Annie adalah salah seorang yang dulu ketika mahasiswi pernah ngekos di rumah budayawan Y. B. Mangunwijaya di Gang Kuwera nomor empatbelas Yogyakarta.
Yogyakarta sudah banyak berubah dibanding belasan tahun lalu saat Annie dan teman-temannya masih berstatus mahasiswi. Berterimakasihlah kepada perubahan itu, Sahabat! Sebab perubahan adalah keniscayaan dan justru dialah yang membuat Kenanganmenjadi terasa 'mewah' dan 'istimewa'. Nostalgia menjadi terasa lezat, gurih, enak, dan perlu.
Berterimakasilah kepada perubahan! Karena dia membuat Anda serasa bergegas merantau kembali ke masa silam. Memeriksa lapisan-lapisan kenangan yang tersusun rapi di laci waktu.

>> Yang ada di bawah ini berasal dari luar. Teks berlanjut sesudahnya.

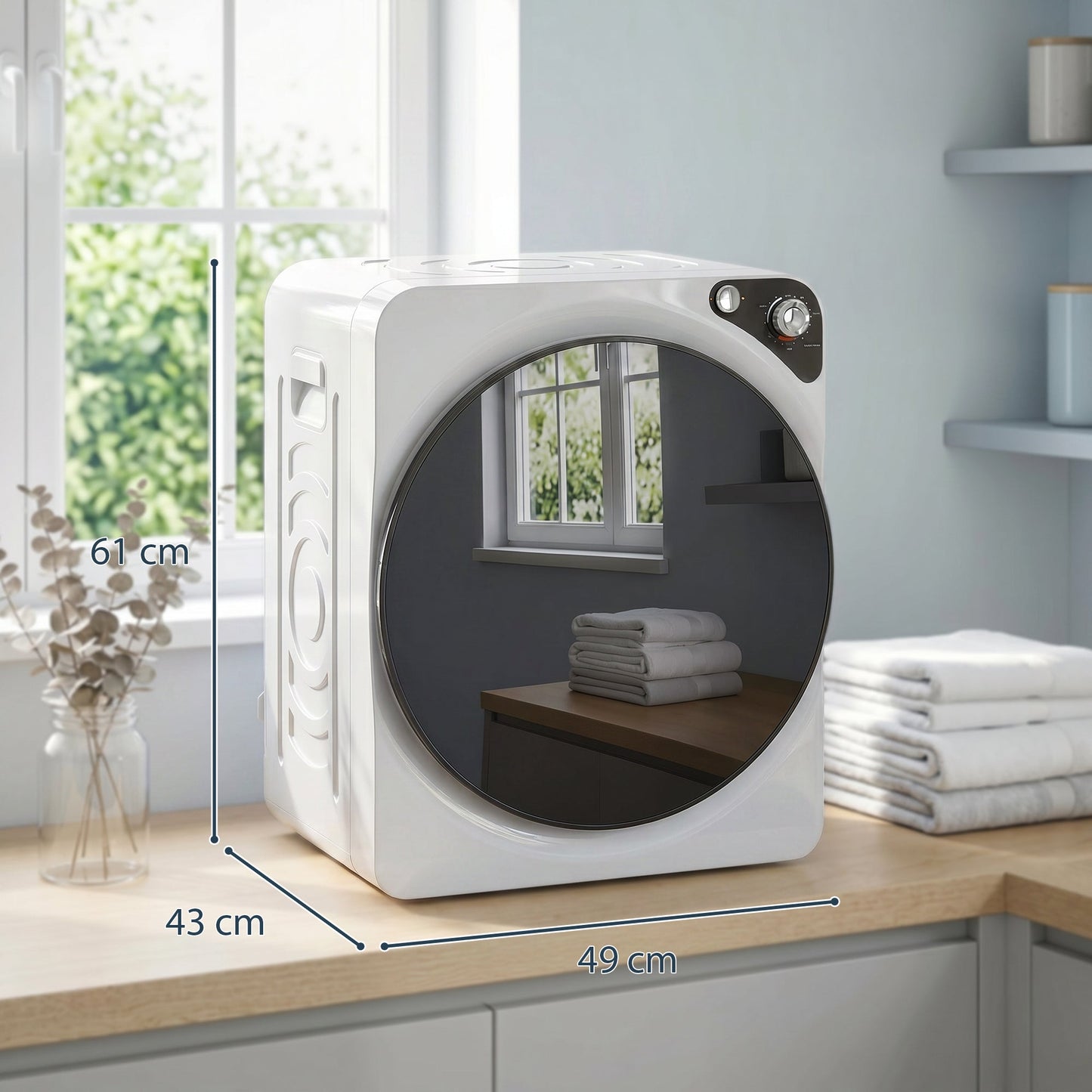 5kg Vented Tumble Dryer, 1000W Compact Tumble Dryer with 5 Drying Modes, Stainless Steel Tub, Freestanding Stackable Clothes Drying Machine, White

Memeriksa lapisan kenangan yang orisinil, unik, klasik, yang karena perubahan tidak kau temukan lagi wujud asli dari sesuatu yang pernah hinggap pada panca inderamu dan singgah di pribadimu. Itulah alasan mengapa kenangan itu membuat melonjak adrenalin di sekujur tubuhmu dan ingin sesegera mungkin melakoni berjumpa sang masa lalu.

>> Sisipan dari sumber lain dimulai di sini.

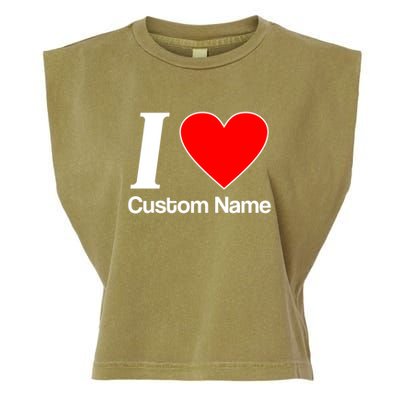 I Heart Custom Name Text Personalize Garment-Dyed Women's Muscle Tee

Perubahan dan waktu membuatmu berjarak dengan sang masa lalu, dan jarak itu membuat rindumu bergelora dan rerimbunan kerinduan itulah yang memprovokasi 'rasa ingin menjenguk lagi' muncul membahana gegap gempita di pikiran dan di hatimu untuk merantau meninjau masa silam tempat sang kenangan bersemayam dan menyimpan segala perbuatanmu di saat itu, membuatmu ingin meraihnya dan membangun rasa memiliki atas masa lalu dan kau antusias ingin membagikan kenangan itu kepada khalayak ramai, kepada masyarakat.
Kenangan adalah berlaksa ingatan yang membuatmu betah memperbincangkannya berlama-lama dengan teman-teman dan orang seantero semesta.

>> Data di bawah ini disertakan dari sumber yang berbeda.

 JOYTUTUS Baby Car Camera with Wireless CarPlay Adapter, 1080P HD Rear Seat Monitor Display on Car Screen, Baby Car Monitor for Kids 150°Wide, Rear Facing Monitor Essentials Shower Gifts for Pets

Memeriksa lalu-lintas perbincangan pada berbagai jalan raya sosial media, saya tidak (belum) menemukan perbincangan yang heboh dan terukur intens di antara mantan anak kos dari kos-kos lainnya yang seheboh, seterukur, dan seintens kos Kuwera 14.
Alumni kos Kuwera 14, mereka bukan cuma bersay hello di sosmed melainkan guyub dan (selalu ada rasa ingin) bereuni, serasa kos Kuwera adalah sekolah dan mereka adalah alumni yang tetap teringat almamaternya.
Pertanyaannya apakah karena Sang Bapak Kos adalah manusia super baik, apakah pengaruh nama besar dan ketokohan bapak kos menghebatkan kesan di benak pikiran 'para alumni' untuk selalu ingin berinteraksi lagi dengan masa lalu mereka di Kuwera 14?
Ada sebuah realitas penting: ketika Romo Mangun turun tangan secara langsung cawe-cawe ngurusi anak-anak kosnya. Ini tidak bisa berhenti sekadar memaknai kebersahajaannya. Jauh melebihi dari sekadar itu. Perlu merenung supaya bisa merebut alasan apa yang melatari Sang Bapak Kos melakoni terjun sendiri mengemong anak-anak kosnya.